Vizyon Yoksa Misyon Da Yok

Bu yazıyı paylaş
X It! LinkedIn Facebook
Vizyon Yoksa Misyon Da Yok konu resmi

Büyük hedeflerin peşinde koşarken ilk kaybettiğimiz şey bazen yolun kendisi oluyor. Kısa vadeli başarılar gözümüzü boyayabilir, ama geleceği kucaklayan bir vizyon olmadan yolculuğumuzun anlamı eksik kalır.

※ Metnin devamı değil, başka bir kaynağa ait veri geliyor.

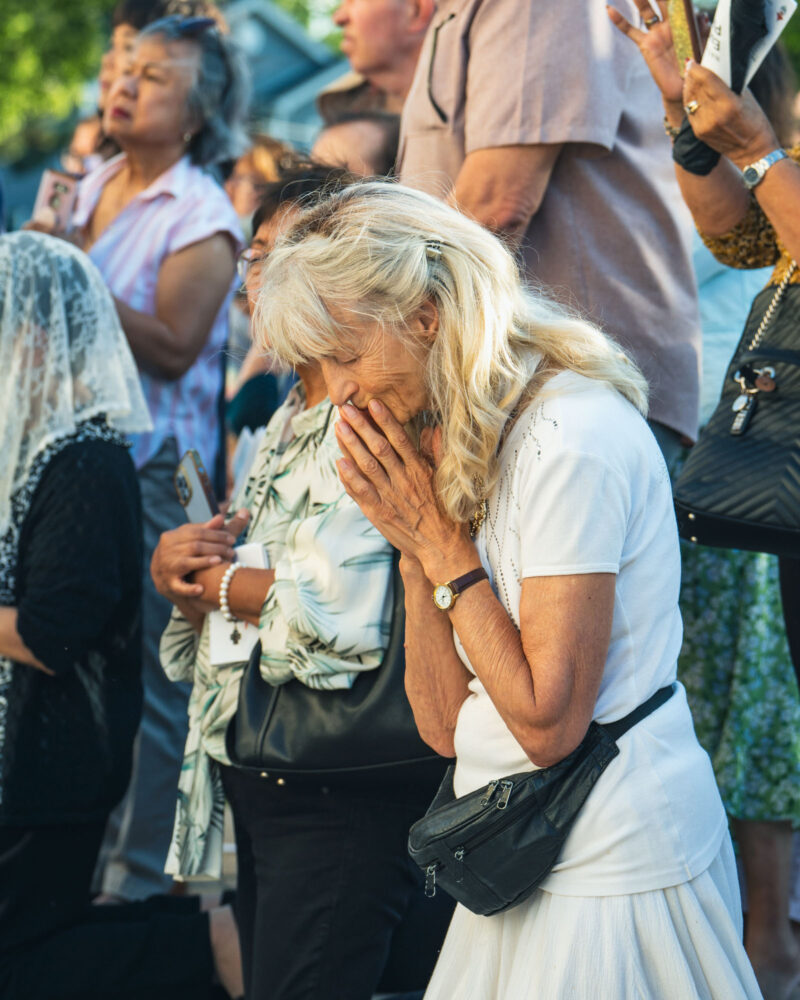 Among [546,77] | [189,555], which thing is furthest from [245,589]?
[546,77]

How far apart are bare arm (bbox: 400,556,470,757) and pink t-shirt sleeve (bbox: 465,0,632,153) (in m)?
1.18

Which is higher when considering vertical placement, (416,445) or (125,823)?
(416,445)

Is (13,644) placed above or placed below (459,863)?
below

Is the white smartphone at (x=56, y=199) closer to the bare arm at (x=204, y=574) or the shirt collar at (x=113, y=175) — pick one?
the shirt collar at (x=113, y=175)

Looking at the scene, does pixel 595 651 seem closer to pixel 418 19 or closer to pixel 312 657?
pixel 312 657

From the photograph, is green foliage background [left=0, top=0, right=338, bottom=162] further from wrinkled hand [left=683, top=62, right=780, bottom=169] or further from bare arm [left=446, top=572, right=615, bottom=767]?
bare arm [left=446, top=572, right=615, bottom=767]

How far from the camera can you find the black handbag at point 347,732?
220 cm

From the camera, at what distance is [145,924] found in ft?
9.75

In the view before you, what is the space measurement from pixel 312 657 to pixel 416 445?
19.9 inches

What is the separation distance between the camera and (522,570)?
1.72 metres

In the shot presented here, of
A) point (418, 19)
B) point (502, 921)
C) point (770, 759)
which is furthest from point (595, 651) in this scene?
point (418, 19)

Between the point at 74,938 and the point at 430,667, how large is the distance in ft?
4.87

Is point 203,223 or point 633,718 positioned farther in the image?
point 203,223

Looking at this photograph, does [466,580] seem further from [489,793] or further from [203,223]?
[203,223] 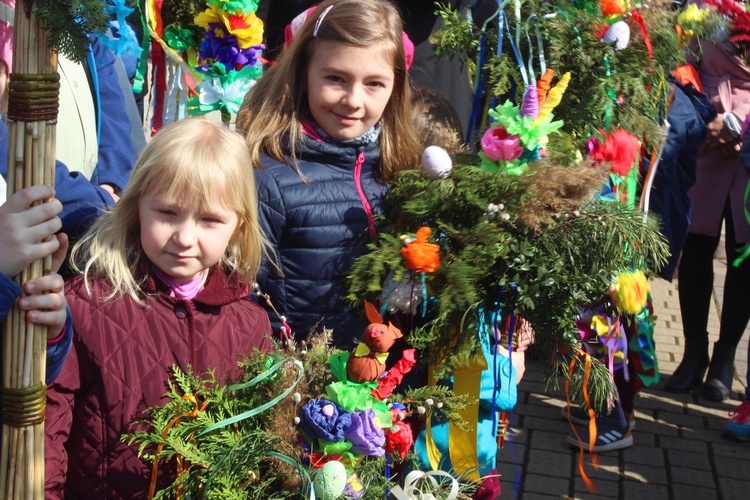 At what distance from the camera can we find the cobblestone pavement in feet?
13.0

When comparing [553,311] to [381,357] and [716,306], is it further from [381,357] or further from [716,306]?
[716,306]

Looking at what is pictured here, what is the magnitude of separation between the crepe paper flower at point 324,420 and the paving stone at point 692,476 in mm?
2659

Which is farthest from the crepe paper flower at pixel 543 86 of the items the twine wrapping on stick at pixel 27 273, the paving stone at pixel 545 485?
the paving stone at pixel 545 485

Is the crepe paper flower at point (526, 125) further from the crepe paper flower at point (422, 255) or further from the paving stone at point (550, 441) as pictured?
the paving stone at point (550, 441)

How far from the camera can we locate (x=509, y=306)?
6.93 feet

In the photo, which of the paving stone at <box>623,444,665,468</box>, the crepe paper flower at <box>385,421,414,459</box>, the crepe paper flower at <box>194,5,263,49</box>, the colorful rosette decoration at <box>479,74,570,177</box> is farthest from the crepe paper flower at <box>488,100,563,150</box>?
the paving stone at <box>623,444,665,468</box>

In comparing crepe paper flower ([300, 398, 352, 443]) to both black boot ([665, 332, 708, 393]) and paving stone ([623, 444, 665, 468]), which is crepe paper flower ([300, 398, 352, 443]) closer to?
paving stone ([623, 444, 665, 468])

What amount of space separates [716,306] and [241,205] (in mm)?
4942

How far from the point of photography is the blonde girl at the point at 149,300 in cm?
204

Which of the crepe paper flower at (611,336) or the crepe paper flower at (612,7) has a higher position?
the crepe paper flower at (612,7)

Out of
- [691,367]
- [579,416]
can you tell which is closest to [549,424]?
[579,416]

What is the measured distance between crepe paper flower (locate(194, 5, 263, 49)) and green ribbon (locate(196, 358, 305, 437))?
1.50 metres

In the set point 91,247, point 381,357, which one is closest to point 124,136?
point 91,247

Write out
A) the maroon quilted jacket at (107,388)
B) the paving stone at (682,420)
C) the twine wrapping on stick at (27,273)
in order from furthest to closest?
1. the paving stone at (682,420)
2. the maroon quilted jacket at (107,388)
3. the twine wrapping on stick at (27,273) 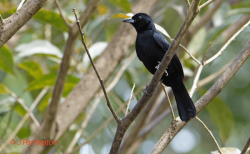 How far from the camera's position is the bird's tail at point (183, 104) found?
6.34ft

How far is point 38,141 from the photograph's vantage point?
2.59 meters

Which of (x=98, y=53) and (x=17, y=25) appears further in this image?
(x=98, y=53)

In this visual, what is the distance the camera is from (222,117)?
3096mm

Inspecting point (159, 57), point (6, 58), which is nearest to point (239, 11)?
point (159, 57)

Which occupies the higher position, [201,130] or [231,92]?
[231,92]

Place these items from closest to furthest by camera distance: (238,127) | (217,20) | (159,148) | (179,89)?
(159,148) → (179,89) → (217,20) → (238,127)

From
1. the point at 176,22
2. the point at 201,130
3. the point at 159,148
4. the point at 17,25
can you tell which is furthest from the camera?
the point at 201,130

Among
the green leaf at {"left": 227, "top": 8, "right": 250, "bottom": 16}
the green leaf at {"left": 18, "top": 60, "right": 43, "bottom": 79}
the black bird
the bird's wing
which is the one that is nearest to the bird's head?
the black bird

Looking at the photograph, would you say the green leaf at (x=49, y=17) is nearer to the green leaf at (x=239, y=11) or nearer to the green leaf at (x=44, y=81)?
the green leaf at (x=44, y=81)

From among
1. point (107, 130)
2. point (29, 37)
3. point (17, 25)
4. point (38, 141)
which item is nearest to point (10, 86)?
point (29, 37)

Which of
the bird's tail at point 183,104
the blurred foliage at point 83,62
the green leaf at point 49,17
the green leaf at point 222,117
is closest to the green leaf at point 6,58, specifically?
the blurred foliage at point 83,62

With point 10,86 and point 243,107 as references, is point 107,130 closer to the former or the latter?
point 10,86

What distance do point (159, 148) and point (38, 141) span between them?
1545 millimetres

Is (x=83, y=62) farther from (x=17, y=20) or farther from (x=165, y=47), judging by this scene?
(x=17, y=20)
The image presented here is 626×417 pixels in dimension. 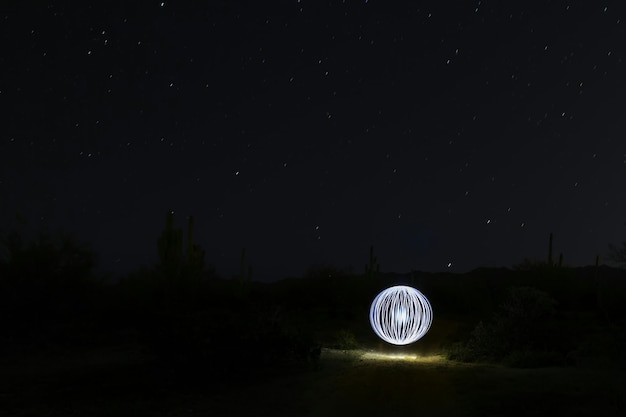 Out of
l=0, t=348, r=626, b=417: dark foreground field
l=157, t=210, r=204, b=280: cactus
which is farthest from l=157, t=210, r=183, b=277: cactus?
l=0, t=348, r=626, b=417: dark foreground field

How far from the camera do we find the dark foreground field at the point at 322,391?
896 centimetres

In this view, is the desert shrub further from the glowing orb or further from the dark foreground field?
the dark foreground field

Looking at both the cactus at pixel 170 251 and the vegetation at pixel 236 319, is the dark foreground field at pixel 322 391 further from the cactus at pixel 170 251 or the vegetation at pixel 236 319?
the cactus at pixel 170 251

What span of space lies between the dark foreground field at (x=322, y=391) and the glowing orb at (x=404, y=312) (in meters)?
2.68

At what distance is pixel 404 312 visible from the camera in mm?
16500

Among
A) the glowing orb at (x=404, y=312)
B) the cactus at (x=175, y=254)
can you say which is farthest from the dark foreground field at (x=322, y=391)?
the cactus at (x=175, y=254)

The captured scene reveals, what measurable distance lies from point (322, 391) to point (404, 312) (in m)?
6.64

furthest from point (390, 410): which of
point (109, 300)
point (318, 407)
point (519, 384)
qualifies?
point (109, 300)

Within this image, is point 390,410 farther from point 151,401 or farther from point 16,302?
point 16,302

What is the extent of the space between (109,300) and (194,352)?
443 inches

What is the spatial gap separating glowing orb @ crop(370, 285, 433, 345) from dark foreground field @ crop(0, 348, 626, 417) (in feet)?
8.79

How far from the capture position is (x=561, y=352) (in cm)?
1347

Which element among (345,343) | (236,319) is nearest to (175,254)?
(345,343)

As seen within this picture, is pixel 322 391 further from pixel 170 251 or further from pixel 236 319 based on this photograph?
pixel 170 251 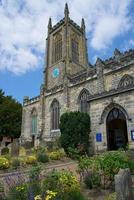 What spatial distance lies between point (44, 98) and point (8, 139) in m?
16.2

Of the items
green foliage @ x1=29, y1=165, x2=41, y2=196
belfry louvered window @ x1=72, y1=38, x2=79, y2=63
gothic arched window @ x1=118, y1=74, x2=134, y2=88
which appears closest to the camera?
green foliage @ x1=29, y1=165, x2=41, y2=196

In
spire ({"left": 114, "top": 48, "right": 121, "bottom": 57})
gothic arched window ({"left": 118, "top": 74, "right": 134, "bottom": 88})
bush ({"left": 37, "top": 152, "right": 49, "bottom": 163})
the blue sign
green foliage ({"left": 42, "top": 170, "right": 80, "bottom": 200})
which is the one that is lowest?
bush ({"left": 37, "top": 152, "right": 49, "bottom": 163})

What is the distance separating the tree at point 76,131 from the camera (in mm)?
18094

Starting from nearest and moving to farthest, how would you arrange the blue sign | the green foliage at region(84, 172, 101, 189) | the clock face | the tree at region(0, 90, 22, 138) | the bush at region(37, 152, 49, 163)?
the green foliage at region(84, 172, 101, 189) → the bush at region(37, 152, 49, 163) → the blue sign → the clock face → the tree at region(0, 90, 22, 138)

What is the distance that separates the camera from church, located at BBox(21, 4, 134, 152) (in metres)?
17.5

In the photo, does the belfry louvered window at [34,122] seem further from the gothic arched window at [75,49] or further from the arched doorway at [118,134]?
the arched doorway at [118,134]

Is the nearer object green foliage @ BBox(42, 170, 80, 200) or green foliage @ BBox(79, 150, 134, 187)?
green foliage @ BBox(42, 170, 80, 200)

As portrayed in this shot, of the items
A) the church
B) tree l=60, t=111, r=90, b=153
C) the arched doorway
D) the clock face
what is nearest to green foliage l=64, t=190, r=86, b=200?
the church

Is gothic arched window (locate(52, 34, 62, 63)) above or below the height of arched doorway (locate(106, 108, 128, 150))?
above

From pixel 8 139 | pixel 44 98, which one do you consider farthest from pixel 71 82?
pixel 8 139

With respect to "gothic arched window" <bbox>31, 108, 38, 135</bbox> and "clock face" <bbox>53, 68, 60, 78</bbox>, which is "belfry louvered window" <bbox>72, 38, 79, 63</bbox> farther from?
"gothic arched window" <bbox>31, 108, 38, 135</bbox>

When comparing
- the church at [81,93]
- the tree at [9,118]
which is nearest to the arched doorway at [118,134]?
the church at [81,93]

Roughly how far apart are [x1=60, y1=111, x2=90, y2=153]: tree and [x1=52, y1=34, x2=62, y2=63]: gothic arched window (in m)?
22.6

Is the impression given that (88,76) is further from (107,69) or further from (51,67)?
(51,67)
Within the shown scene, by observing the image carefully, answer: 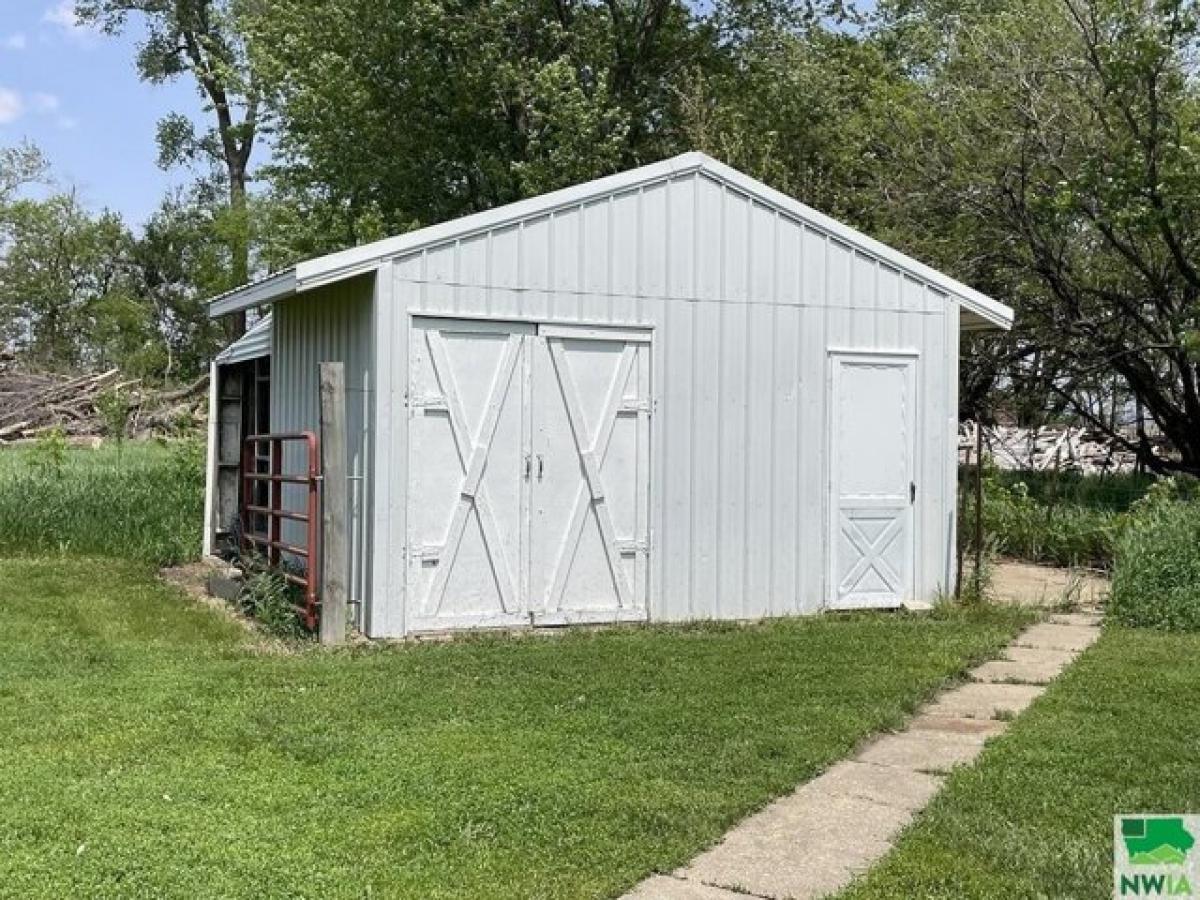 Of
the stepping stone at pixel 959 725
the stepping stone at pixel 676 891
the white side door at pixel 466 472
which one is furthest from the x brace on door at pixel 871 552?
the stepping stone at pixel 676 891

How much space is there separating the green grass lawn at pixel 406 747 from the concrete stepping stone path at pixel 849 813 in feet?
0.35

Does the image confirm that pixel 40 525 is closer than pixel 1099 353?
Yes

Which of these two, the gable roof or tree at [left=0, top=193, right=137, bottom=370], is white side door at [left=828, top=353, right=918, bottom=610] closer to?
the gable roof

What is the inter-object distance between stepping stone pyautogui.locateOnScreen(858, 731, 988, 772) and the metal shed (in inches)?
122

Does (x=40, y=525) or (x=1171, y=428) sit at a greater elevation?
(x=1171, y=428)

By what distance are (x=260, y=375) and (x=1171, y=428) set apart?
11.1 metres

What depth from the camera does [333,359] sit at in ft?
27.0

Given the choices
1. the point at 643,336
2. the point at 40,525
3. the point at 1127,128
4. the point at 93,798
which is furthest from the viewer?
the point at 1127,128

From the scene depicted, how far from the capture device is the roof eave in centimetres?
752

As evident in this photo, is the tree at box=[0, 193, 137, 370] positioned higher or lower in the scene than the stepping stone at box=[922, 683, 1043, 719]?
higher

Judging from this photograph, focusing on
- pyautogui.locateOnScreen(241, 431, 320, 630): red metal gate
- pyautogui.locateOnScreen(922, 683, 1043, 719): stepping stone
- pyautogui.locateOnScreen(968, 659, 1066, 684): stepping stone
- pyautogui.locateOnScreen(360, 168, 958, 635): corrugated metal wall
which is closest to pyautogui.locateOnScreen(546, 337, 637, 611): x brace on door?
pyautogui.locateOnScreen(360, 168, 958, 635): corrugated metal wall

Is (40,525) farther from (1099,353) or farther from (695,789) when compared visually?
(1099,353)

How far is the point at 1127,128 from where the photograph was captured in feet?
41.9

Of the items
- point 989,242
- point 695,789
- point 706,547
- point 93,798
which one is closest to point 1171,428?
point 989,242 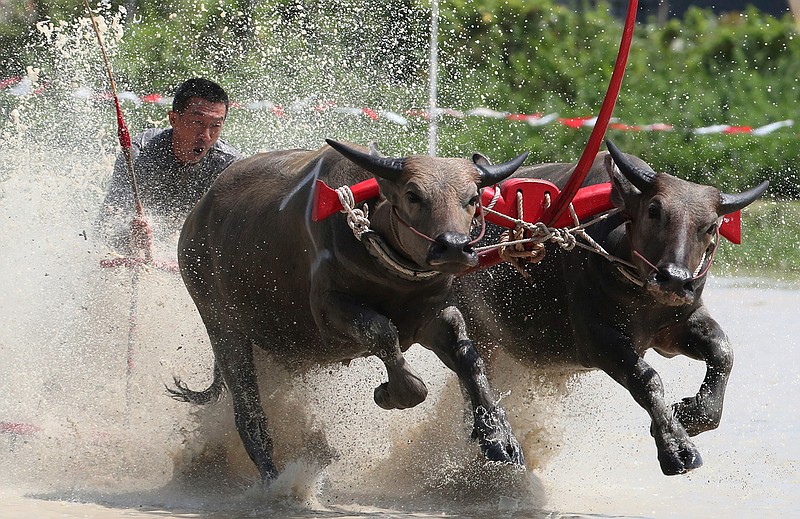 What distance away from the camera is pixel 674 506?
6625 mm

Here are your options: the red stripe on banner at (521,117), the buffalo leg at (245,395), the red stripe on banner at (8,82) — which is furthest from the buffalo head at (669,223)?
the red stripe on banner at (521,117)

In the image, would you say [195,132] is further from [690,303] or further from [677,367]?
[677,367]

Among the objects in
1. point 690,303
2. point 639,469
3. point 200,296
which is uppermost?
→ point 690,303

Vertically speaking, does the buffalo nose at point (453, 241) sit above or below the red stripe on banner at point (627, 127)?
above

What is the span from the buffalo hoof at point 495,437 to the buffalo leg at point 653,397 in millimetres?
540

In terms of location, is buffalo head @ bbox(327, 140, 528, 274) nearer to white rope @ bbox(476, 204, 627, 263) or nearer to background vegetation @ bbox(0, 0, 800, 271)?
white rope @ bbox(476, 204, 627, 263)

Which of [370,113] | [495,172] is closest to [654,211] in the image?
[495,172]

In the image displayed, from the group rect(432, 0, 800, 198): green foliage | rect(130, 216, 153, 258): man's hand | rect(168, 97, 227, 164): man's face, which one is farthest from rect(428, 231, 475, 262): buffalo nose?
rect(432, 0, 800, 198): green foliage

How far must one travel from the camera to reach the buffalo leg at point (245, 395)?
22.1 feet

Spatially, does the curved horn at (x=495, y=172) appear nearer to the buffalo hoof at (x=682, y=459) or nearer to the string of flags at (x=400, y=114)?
the buffalo hoof at (x=682, y=459)

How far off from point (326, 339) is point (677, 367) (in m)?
4.27

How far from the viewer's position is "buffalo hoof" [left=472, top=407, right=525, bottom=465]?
18.5 ft

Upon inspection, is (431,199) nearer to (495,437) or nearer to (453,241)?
(453,241)

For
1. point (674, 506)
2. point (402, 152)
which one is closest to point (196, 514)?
point (674, 506) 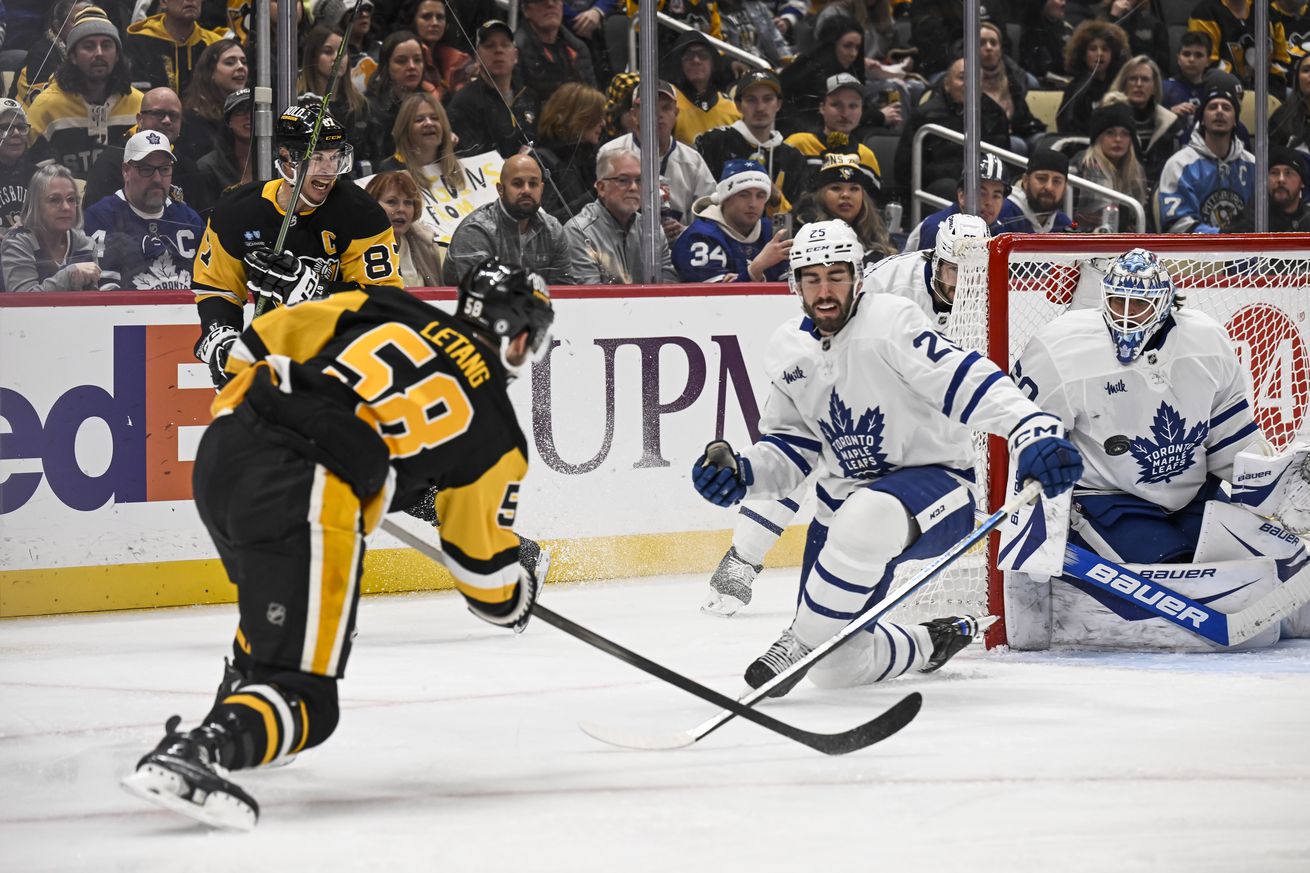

Vizyon ve misyon, örgütlerin ve ortaklıkların uzun vadeli başarısında temel taşı niteliği taşıyan, birbirini tamamlayan iki önemli kavramdır. Pek çok insan için bu kavramların ne anlama geldiği ve neden bu kadar önemli olduğu zaman zaman net olmayabilir. Ancak gerçekte, vizyon ve misyonu doğru tanımlamak ve onları uyumlu bir şekilde hayata geçirmek, örgütlerin geleceğini şekillendirmek ve sürdürülebilir bir yapı kurmak açısından kritik bir öneme sahiptir. Örneğin, belirli bir hedefe odaklanmış, ancak uzun vadeli bir bakış açısı eksik olan bir örgüt, kısa vadede başarılı gibi görünse de uzun soluklu hedeflerin eksikliği nedeniyle ileride iç çatışmalar ve uyumsuzluklarla karşı karşıya kalabilir. Bu nedenle hem vizyonun hem de misyonun örgüt içindeki herkes tarafından anlaşılır, benimsenir ve somut hedeflere dönüştürülür olması gerekir. Aksi takdirde, her iki kavramın da güçlü potansiyeli gölgede kalır ve örgütlerin ilerlemesi sekteye uğrar.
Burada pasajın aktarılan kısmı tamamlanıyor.